DATA:
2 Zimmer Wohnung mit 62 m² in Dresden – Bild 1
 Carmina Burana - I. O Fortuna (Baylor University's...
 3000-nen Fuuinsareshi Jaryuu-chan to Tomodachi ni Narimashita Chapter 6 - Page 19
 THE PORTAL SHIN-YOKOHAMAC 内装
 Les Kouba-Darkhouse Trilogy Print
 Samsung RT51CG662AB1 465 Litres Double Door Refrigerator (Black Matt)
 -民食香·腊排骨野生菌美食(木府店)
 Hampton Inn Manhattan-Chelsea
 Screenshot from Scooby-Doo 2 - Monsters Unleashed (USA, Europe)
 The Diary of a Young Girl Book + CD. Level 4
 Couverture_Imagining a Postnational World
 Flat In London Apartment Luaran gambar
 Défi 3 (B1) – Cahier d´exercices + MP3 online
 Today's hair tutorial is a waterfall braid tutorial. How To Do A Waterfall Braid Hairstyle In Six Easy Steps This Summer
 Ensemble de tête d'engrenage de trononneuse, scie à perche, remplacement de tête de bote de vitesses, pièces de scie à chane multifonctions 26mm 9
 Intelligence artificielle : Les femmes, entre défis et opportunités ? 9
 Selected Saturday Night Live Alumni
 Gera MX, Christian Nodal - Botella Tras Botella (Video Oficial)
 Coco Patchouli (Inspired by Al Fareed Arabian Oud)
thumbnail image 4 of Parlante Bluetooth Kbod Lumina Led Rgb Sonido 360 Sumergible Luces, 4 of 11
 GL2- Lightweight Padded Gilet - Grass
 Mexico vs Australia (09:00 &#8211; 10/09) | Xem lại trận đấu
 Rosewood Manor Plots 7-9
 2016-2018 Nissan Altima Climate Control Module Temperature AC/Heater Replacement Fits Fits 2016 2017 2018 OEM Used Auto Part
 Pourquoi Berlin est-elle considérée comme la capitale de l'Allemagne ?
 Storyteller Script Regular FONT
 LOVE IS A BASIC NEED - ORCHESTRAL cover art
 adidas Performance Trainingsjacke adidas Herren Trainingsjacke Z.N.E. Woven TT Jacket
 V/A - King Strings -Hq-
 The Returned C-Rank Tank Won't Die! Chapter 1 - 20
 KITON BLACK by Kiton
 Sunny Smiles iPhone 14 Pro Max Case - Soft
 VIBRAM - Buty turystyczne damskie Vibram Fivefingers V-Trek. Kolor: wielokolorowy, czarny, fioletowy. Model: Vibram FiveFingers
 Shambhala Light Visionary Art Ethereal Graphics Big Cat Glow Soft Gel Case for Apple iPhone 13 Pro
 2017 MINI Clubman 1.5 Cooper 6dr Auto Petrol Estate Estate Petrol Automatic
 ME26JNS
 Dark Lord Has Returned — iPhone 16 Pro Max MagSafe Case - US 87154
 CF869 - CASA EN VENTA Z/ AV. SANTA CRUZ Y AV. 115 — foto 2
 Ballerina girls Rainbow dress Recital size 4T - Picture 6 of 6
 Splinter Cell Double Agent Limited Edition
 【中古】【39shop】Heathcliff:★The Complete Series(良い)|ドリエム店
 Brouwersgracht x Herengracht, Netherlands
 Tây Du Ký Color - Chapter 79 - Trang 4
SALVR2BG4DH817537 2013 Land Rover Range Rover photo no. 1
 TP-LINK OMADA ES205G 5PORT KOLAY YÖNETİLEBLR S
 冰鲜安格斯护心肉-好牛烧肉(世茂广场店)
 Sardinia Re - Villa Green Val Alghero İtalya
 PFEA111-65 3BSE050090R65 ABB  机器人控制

ACTIVITY:
Using the listing above, work out how many lines contain the string "Case" and return only that number.

YOUR RESPONSE:
3